For (b), you are calculating $Df$, but the question asks you to calculate $Df^{-1}$. You seem to think that

$$Df^{-1} (x, y, z) = \text{inverse of } Df (x, y, z),$$

which is not true in general. Instead, one needs to find $Df^{-1}$ implicitly using chain rule: since $f^{-1}$ is defined by

$$ f \circ f^{-1} (x, y, z) = (x, y, z),$$

differentiating on both sides at $(6, 4-1)$ and using chain rule gives

$$Df (f^{-1}(6, 4, -1) )\circ Df^{-1} (6, 4, -1) = I,$$

since $f^{-1} (6, 4, -1) = (1, -1, 2)$ and you have found $Df(1, -1, 2)$ in (a), the answer to (b) is the inverse of $Df(1, -1, 2)$.

(c) There is no general way to find an inverse of a function (unless it's a linear function). In your particular equation, when one sees terms like $y^2, z^2$, one would guess that $f$ is not injective (by plugging $y\mapsto -y$ or $z\mapsto -z$).
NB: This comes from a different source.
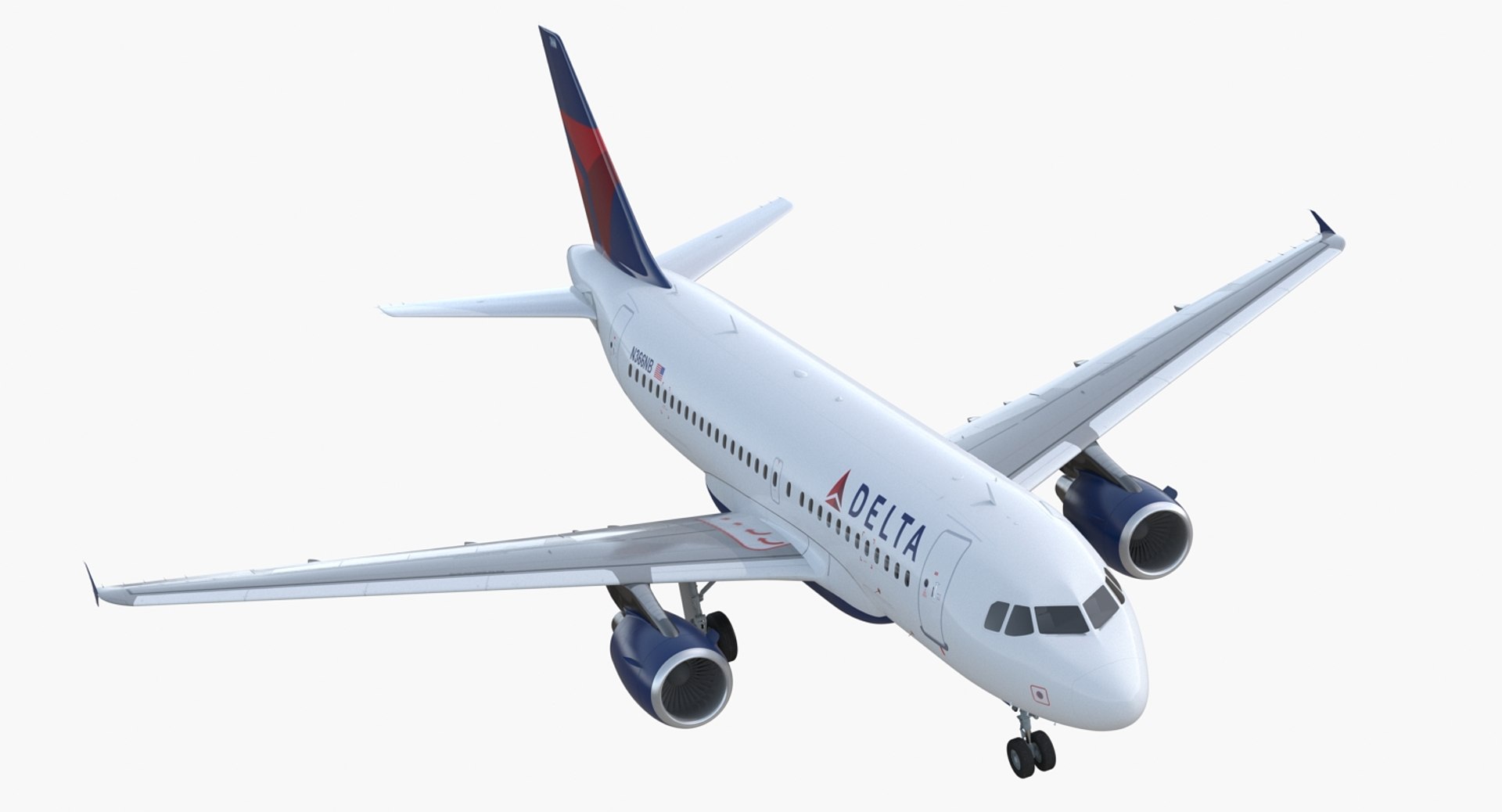 Airbus A319 Delta Air Lines Rigged 3D Model preview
It almost work if you choose $y=z$ (to get rid of $y-z$ in the second and third components). Thus one can see that

$$ f(x, t, t) = f(x, -t, -t)$$

for all $t\in \mathbb R$. Thus $f$ is not bijective and does not have a global inverse.

Remark The notation $f^{-1}$ is in general reserved for the (global) inverse of $f$, while in your question, $f^{-1}$ seems to refer to the local inverse of $f$ around $(1, -1, 2)$, which exists by (a).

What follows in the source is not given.